There is a story in my family about my great-grandmother missing the Titanic and coming over on the Carpathia.  I have seen documentation of her being aboard the Carpathia, but nothing to prove she had a ticket to board the Titanic.  Supposedly, she was in an arranged marriage to a Polish man in the United States that had paid for her trip.  After missing the boat in one of the world’s most tragic events, she arrived to find her fiancee “too old”.   She ended up marrying a Ukrainian miner with the last name, Holodnick (Golodnyuk).

As Dr. Manhattan said, “…a thousand million sperm vie for a single egg.
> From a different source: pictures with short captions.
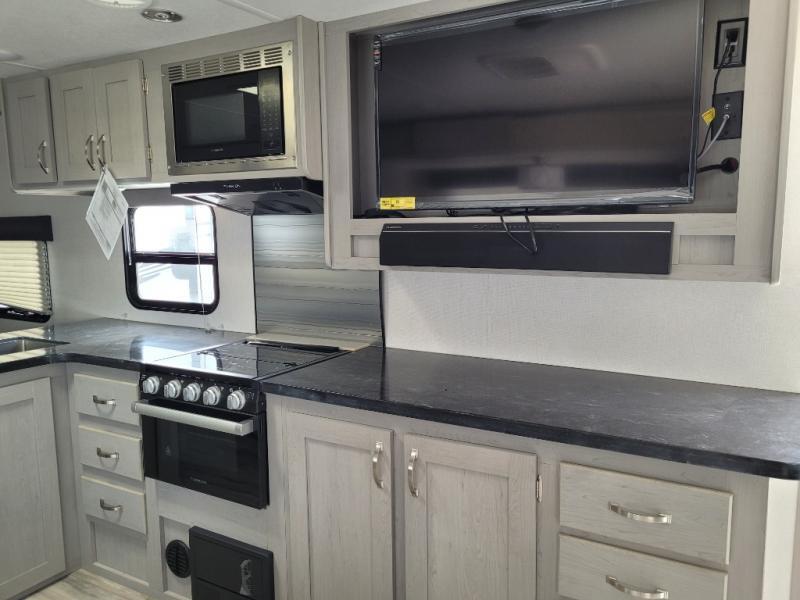 Kitchen with a gas range, oven, TV and cabinets.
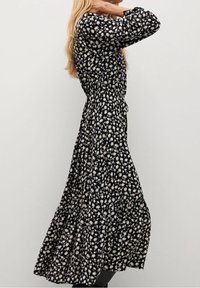 Schwarzes Blumenkleid mit langen Ärmeln, das eine taillierte Taille und einen gestuften Rock aufweist, geschmückt mit weißen Blumenmustern.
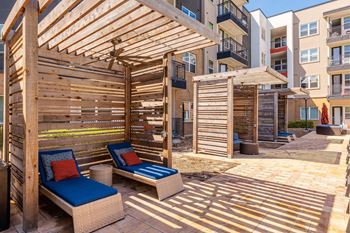 A wooden patio with a blue cushioned chair and a table. at Bridge at Henley, Austin, TX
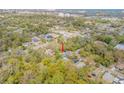 An aerial view showcases the property's location surrounded by lush greenery with distant city views at 812 Marion St, Daytona Beach, FL 32114
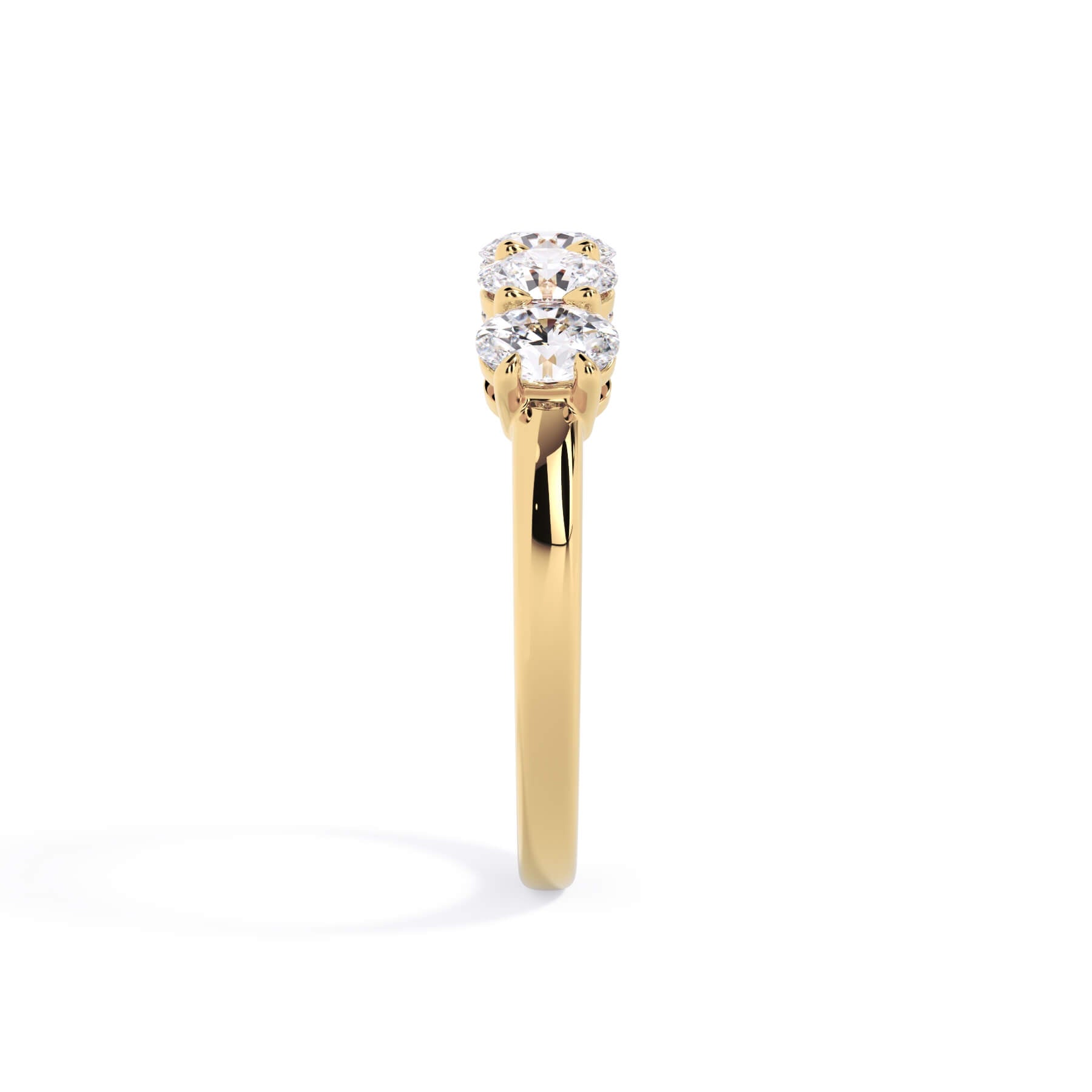 A picture of a five stone diamond wedding ring with oval shape diamonds that are shared prong set in yellow gold on a white background with a side profile view.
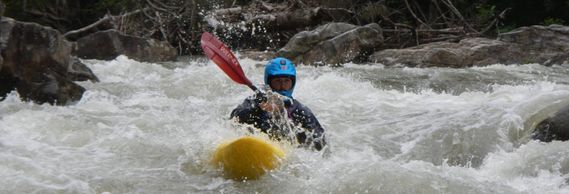 A kayak finishing the first rapid of the Middle Fork River
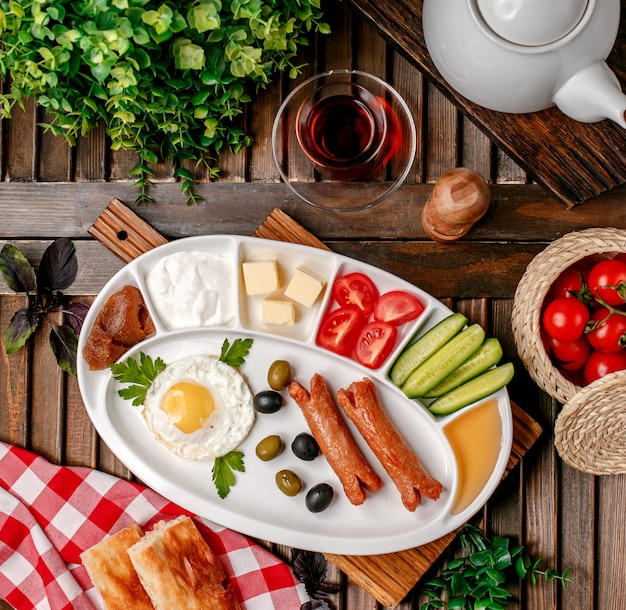 Desayuno con salchichas fritas, huevos y verduras.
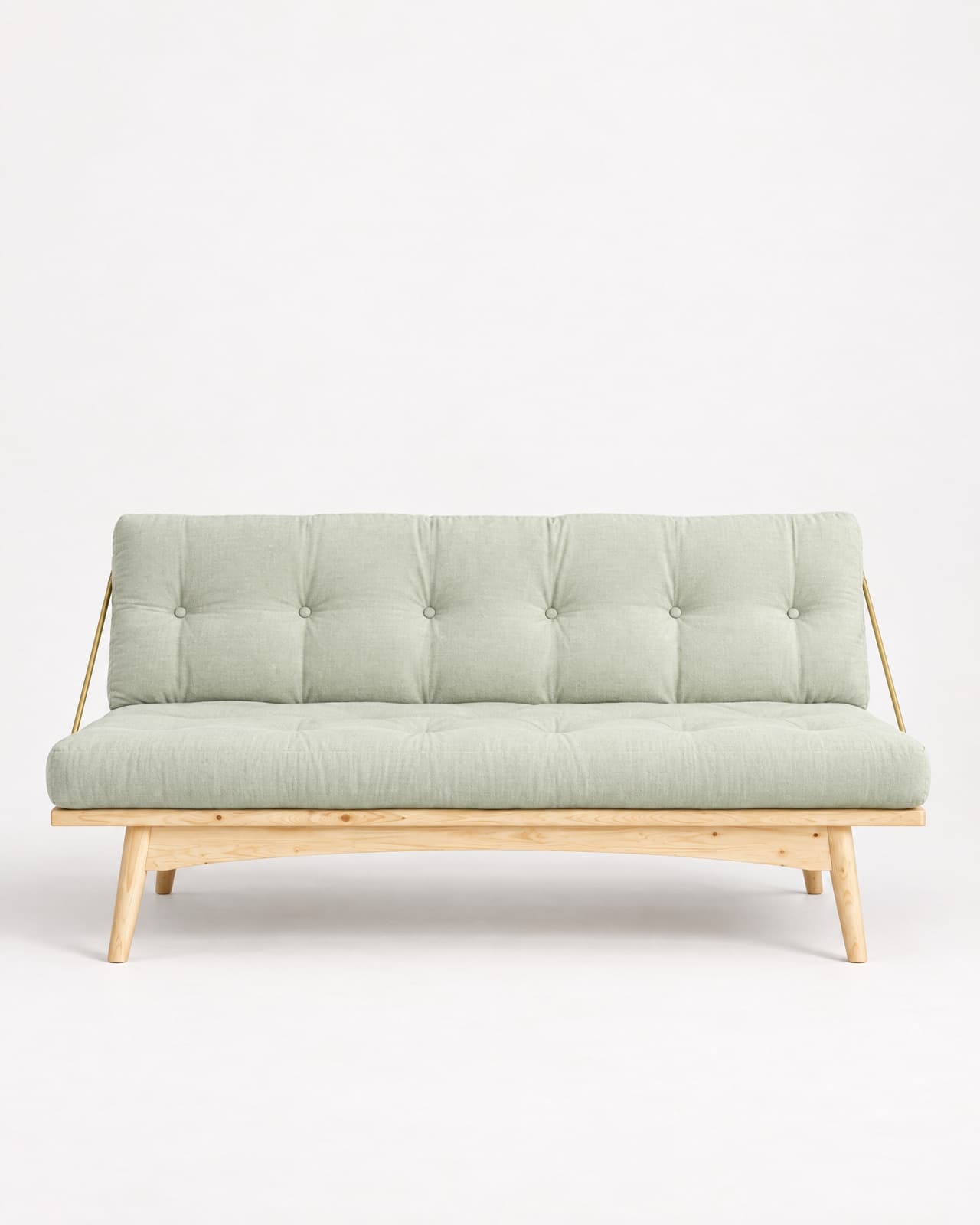 Futon Folk en modo sofá con funda Salvia: base de pino claro sobre patas y brazos color latón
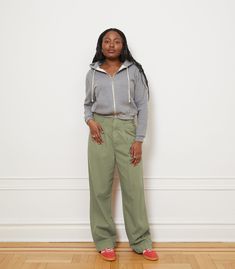 Classic relaxed pleat front pants with a wide leg and full length inseam. Zipper fly. 98% Cotton, 2% Linen. Machine washable. Hang Dry. Made in Los Angeles. Rise - 13" XXS - Waist= 26", Hips= 42", Inseam= 31" XS - Waist= 28", Hips= 44", Inseam= 31" S - Waist= 30", Hips= 46", Inseam= 31" M - Waist= 32", Hips= 48 ", Inseam= 31" L - Waist= 34", Hips= 50", Inseam= 31" XL - Waist= 36", Hips= 52", Inseam= 31" 1X - Waist= 38", Hips= 54", Inseam= 31.5" 2X - Waist= 40", Hips= 56", Inseam= 31.5" 3X - Wais Casual Wide-leg Pants With Zipper Closure, Casual High-waisted Pants With Zip Fly, Relaxed Fit Tapered Leg Pants With Zip Fly, Relaxed Fit Pants With Zip Fly And Tapered Leg, Cotton Wide Leg Cargo Pants With Zip Fly, Wide Leg Cotton Cargo Pants With Zip Fly, Casual Wide Leg Pants With Zip Fly, Spring Relaxed Fit Pants With Zip Fly, Relaxed Fit Pants With Zip Fly For Spring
Multiply those odds by countless generations, against the odds of your ancestors being alive; meeting; siring this precise son; that exact daughter…” It’s incredible that you or I even exist right now to experience each other’s company and this world that we inhabit.  One slight change in the timeline, such as your mother falling in love with another man could mean someone else existing.  What if your mother never existed in the first place?

Scientists are working on it, but have yet to discover the exact conditions in which human life was created.  Although the universe is large, what is the probability that complex life forms exactly like ourselves would come to being over millions of years?   What is the probability they would be living in a free society?  What is the probability that they would have the same personalities or that they would even perceive such things the same?  The fact that we exist on this planet is a miracle in itself.

Some days I find myself seeing everything as tasteless and mundane.  I get impatient when things don’t work out the way I wish they would.  I forget how much of a blessing it is that I’m even here.  We should cherish the moments that we have on earth and be thankful that we’re taking part in this experience we call life.  We should be grateful for the country that we live and the freedoms that we have.  One shift in the timeline and we might never have had such a great opportunity and there’s always a chance we could lose it.